One of Chalfant's prints is held in the collection of the Metropolitan Museum of Art in New York City.
Chalfant is a graduate of Stanford University, where he majored in classical Greek. Starting out as a sculptor in New York City in the 1970s, Chalfant turned to photography and film to do an in-depth study of hip-hop culture and graffiti art. One of the foremost authorities on New York subway art, and other aspects of urban youth culture, his photographs record hundreds of ephemeral, original art works that have long since vanished.
His photographs have appeared in exhibitions of graffiti art from its early appearances in New York/New Wave at P.S.1 Contemporary Art Center to retrospectives such as Art in the Streets at the Museum of Contemporary Art, Los Angeles and City as Canvas: Graffiti Art From the Martin Wong Collection at the Museum of the City of New York, in addition to galleries and museums in the United States, Europe, and Asia.
In 1983, Chalfant co-produced the PBS documentary Style Wars, the seminal documentary about graffiti and hip hop culture. Among Chalfant's other films are Flyin' Cut Sleeves, a documentary about Bronx street gang leaders in the 1970s and Visit Palestine: Ten Days on the West Bank, based on his visit to the occupied territories in 2000. His 2006 documentary From Mambo to Hip Hop: A South Bronx Tale chronicles two generations who grew up on the same blocks of the Bronx, NY, using rhythm as their form of rebellion—for the older generation of the 1950s it was the rhythms of Cuba; for their children of the 1970s it was the rhythms of rap. The film was featured in the Latino Public Broadcasting series Voces in 2006-2007, and won an Alma Award for Best Documentary.

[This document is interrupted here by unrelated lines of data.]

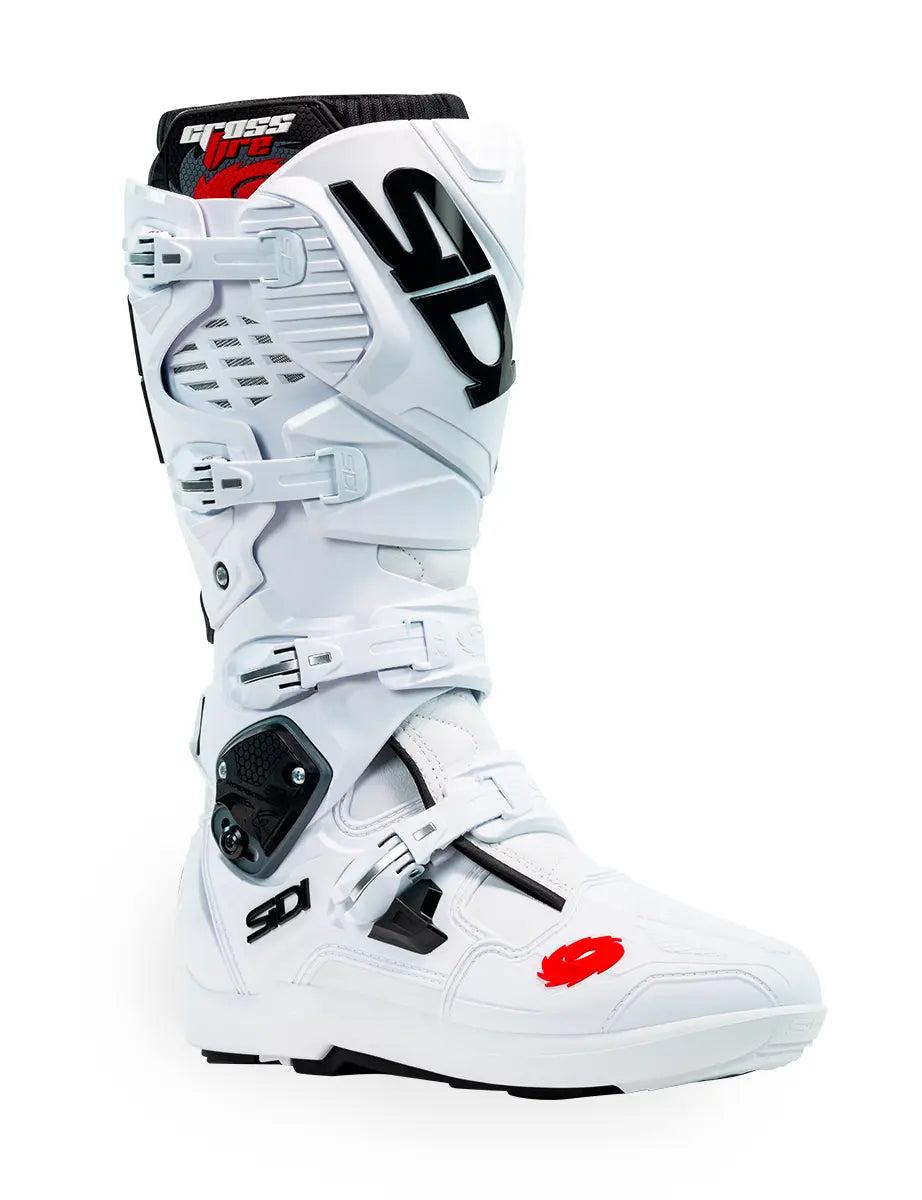 Sidi CROSSFIRE 3 SRS - white - white / Regular / 40 Pezzi Unici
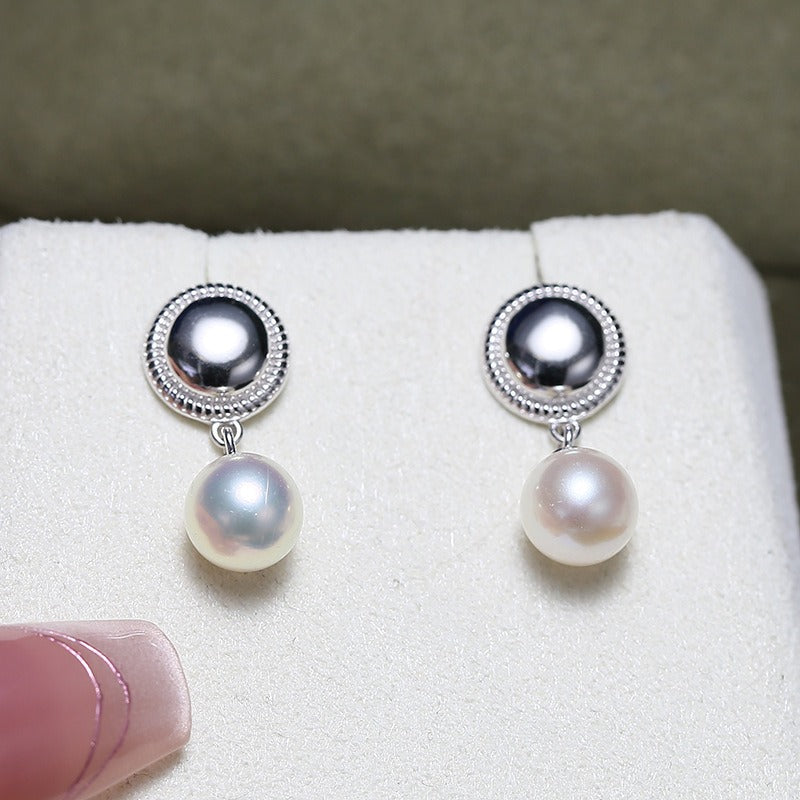 2024 Women Daily Pearl Earring Setting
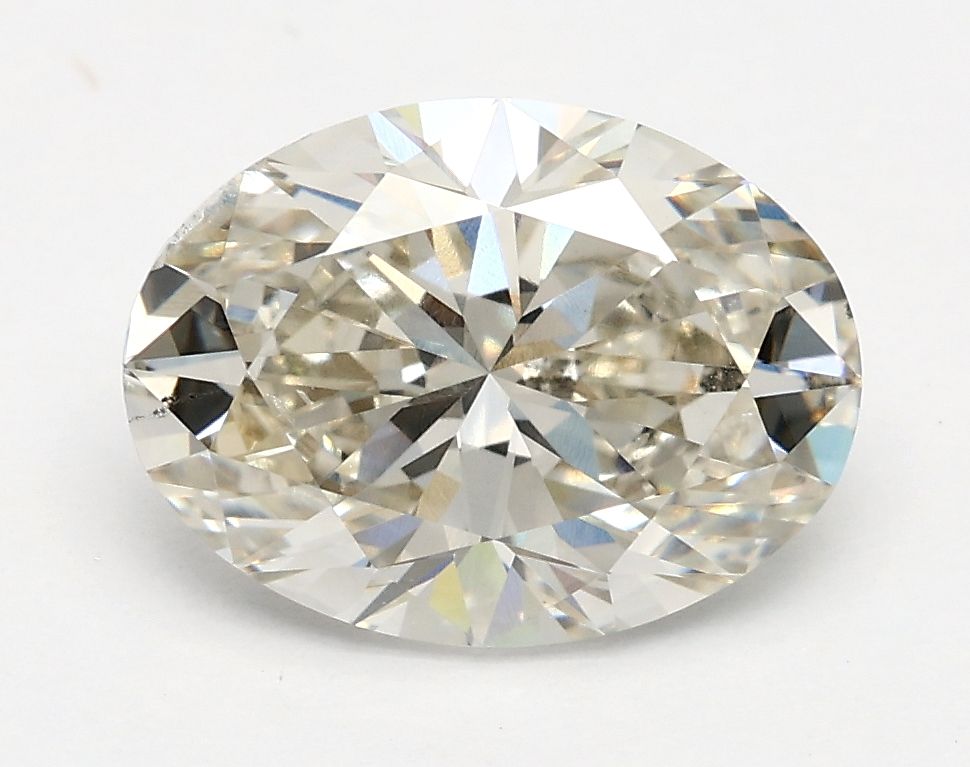 2.00 ct. oval Lab Grown Diamond front image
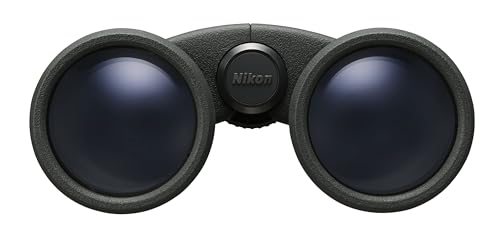 Nikon PROSTAFF P3 10x42 Binocular | Waterproof, fogproof, rubber-armored Full-Size Binocular, wide field of view & long eye relief | Official Nikon USA Model | Waterproof, fogproof, wide Field of View, long Eye Relief, rubber-Armored Full-Size Binocular -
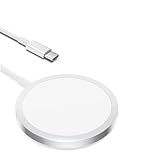 2024 Neu - Apple MagSafe Ladegerät [MFI zertifiziert] 15W Apple Magnetisches auf USB-C Ladekabel (1M) für iPhone 15/15 Pro/15 Pro Max/14/13/12 Serie, magnetisches kabelloses iPhone Ladegerät
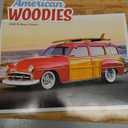 American Woodies 2026 12 X 24 Inch (Hanging) Monthly Square Wall Calendar Plastic-Free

He has co-authored an account of New York graffiti art, Subway Art, and a sequel on the art form's worldwide diffusion, Spraycan Art.
Chalfant has stated his influences are varied:
"In college my mentor was Charles Rowan Beye, the Greek scholar. I really didn't have a mentor for my art work, but I was influenced by great sculptors I admired like David Smith and Eduardo Chillida. For visual anthropology, I was influenced by the ethnographic filmmaker, Jean Rouch."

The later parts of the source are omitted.